-- DATA SUPPLIED follows --

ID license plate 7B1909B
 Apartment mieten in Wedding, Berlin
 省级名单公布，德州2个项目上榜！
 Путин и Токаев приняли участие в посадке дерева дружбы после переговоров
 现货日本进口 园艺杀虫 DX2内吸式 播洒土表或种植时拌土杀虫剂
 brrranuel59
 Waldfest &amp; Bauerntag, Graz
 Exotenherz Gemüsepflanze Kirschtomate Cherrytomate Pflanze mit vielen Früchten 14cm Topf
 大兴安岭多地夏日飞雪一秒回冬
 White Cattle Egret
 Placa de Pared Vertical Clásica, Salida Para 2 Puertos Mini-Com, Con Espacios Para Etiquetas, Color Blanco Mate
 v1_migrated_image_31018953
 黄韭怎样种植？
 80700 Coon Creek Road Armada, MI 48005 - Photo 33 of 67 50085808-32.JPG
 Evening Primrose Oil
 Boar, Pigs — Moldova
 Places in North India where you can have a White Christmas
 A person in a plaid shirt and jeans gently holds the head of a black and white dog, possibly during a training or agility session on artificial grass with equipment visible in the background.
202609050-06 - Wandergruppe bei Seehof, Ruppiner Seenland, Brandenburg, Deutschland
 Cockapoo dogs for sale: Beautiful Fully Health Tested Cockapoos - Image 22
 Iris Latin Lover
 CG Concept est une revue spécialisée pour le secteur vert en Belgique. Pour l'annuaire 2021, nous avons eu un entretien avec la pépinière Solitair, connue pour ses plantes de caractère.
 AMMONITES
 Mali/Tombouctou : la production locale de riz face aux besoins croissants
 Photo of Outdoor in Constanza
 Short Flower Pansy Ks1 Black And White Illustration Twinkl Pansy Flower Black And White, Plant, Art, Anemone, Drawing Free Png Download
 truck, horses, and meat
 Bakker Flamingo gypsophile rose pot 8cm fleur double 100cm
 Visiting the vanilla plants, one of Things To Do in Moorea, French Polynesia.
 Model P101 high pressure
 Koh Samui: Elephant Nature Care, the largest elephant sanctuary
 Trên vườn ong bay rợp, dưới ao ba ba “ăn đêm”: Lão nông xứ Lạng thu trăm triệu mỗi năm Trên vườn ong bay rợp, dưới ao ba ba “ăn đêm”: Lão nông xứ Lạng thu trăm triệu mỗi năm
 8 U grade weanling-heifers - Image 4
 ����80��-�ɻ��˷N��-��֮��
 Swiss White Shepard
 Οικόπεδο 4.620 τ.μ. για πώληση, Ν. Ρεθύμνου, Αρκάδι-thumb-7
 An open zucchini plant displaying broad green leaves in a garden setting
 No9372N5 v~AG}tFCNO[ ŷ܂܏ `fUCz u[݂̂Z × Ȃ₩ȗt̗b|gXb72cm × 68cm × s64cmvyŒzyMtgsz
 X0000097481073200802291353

-- DATA SUPPLIED concluded --

- [PROBLEM DESCRIPTION]:
Lines holding "Photo": copy each one from the records above.

- [EXERCISE ANSWER]:
 80700 Coon Creek Road Armada, MI 48005 - Photo 33 of 67 50085808-32.JPG
 Photo of Outdoor in Constanza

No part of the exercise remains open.